WORK ITEM. From the records below, set down exactly the lines starting with the line that contains "thumbnail image 4" and going on through the line that contains "LEGO® 60408 CITY". Nothing else is wanted.

-- STORED DATA follows --

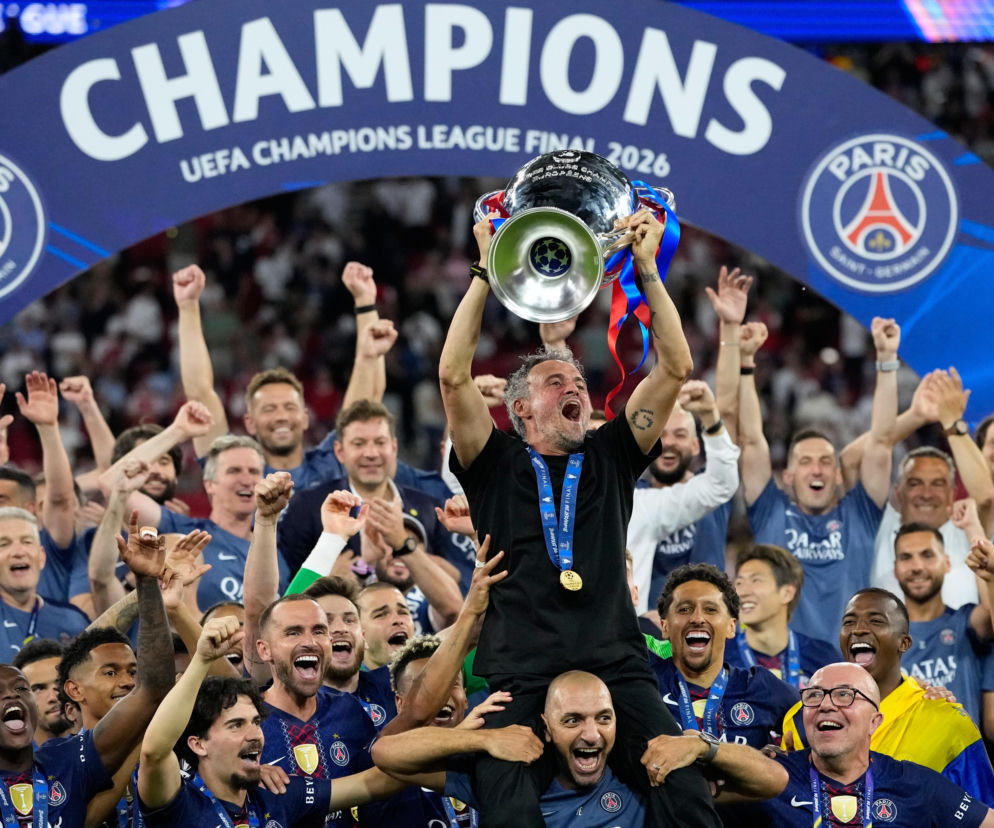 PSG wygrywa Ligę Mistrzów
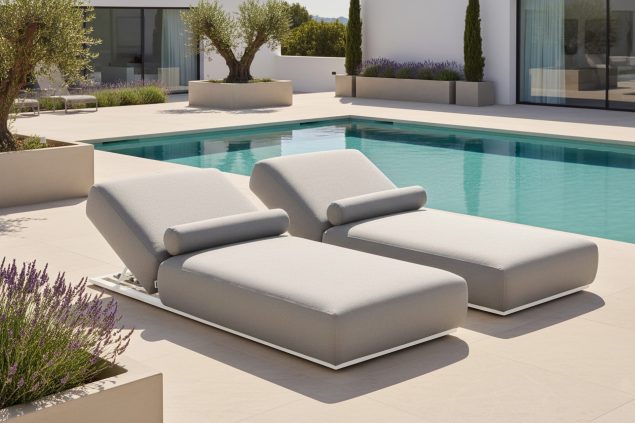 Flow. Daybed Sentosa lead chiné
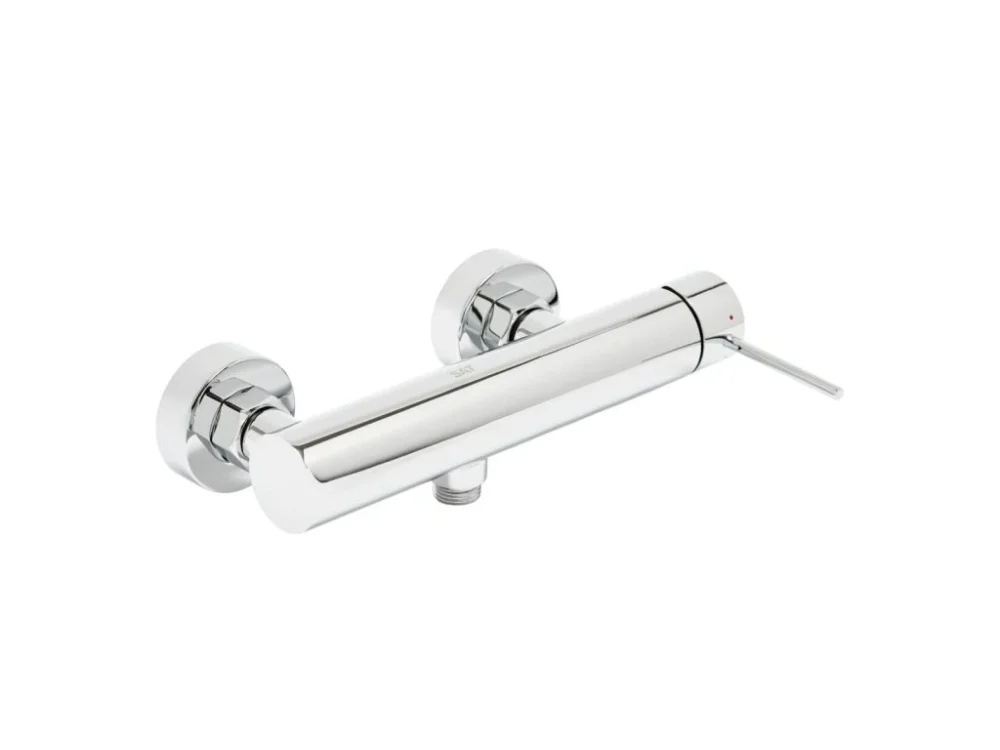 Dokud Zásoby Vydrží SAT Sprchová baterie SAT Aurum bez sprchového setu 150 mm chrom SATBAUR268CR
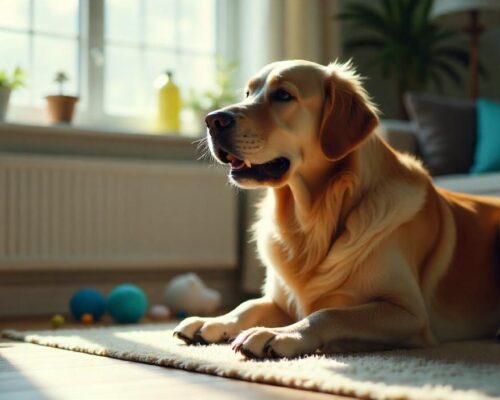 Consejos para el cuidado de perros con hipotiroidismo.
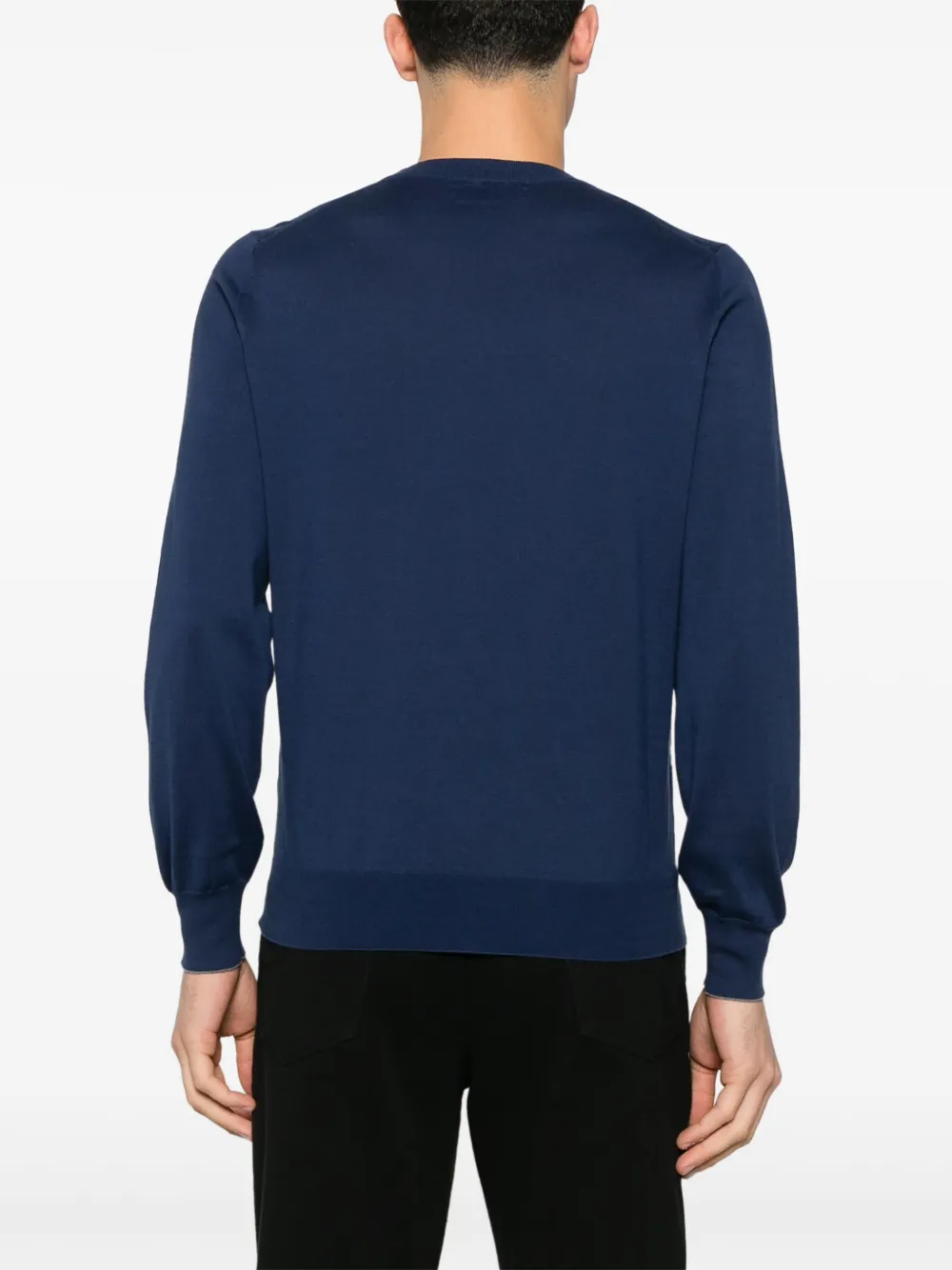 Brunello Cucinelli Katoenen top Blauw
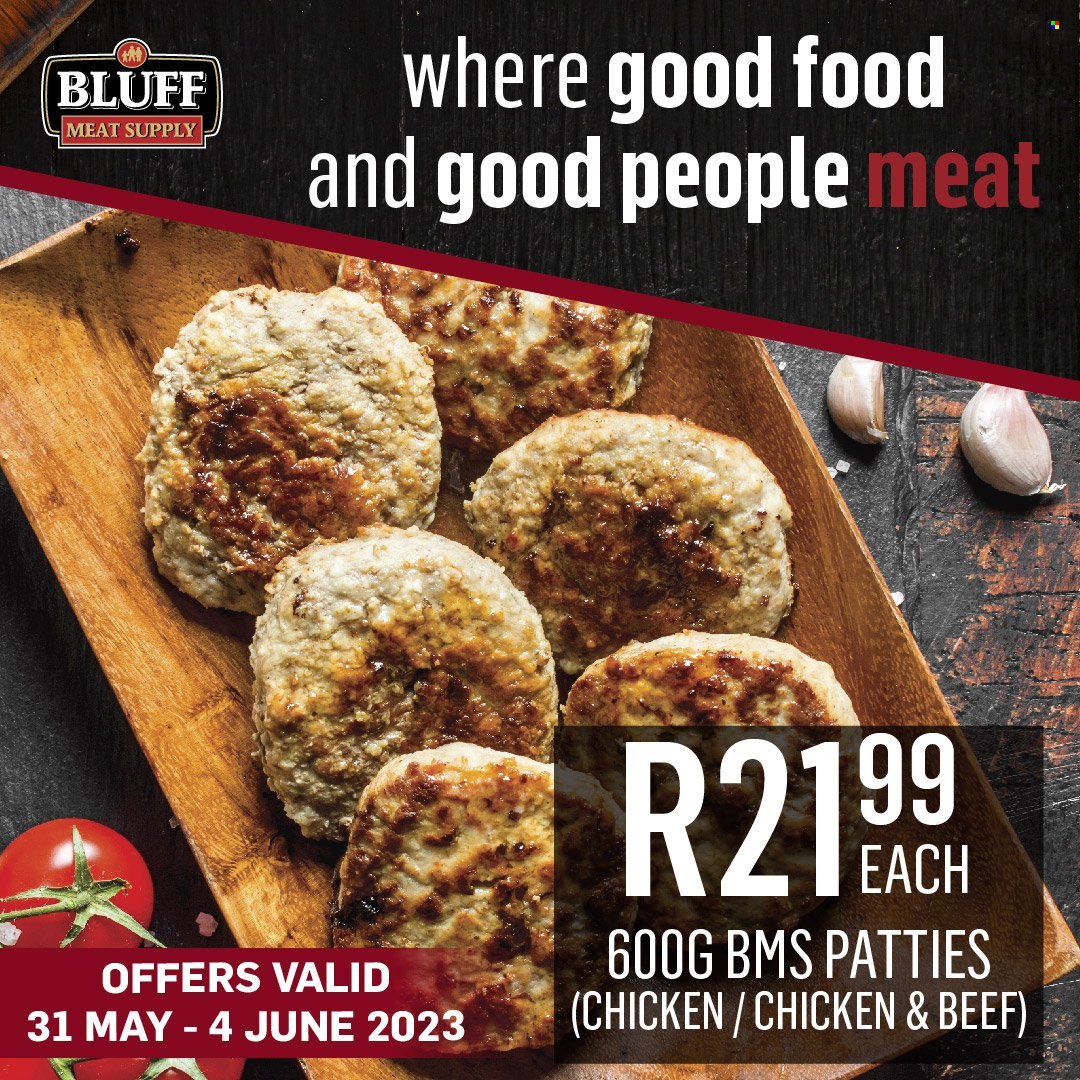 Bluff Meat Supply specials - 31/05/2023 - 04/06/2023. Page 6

-- STORED DATA concluded --
-- STORED DATA follows --

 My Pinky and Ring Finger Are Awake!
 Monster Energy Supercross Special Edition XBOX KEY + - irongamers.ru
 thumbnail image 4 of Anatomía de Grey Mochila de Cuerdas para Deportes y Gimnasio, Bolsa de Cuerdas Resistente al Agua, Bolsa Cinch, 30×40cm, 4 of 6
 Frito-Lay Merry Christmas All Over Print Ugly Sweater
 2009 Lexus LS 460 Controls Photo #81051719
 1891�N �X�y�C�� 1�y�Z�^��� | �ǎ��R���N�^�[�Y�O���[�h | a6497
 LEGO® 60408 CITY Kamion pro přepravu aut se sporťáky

-- STORED DATA concluded --

SOLVED PROBLEM.
 thumbnail image 4 of Anatomía de Grey Mochila de Cuerdas para Deportes y Gimnasio, Bolsa de Cuerdas Resistente al Agua, Bolsa Cinch, 30×40cm, 4 of 6
 Frito-Lay Merry Christmas All Over Print Ugly Sweater
 2009 Lexus LS 460 Controls Photo #81051719
 1891�N �X�y�C�� 1�y�Z�^��� | �ǎ��R���N�^�[�Y�O���[�h | a6497
 LEGO® 60408 CITY Kamion pro přepravu aut se sporťáky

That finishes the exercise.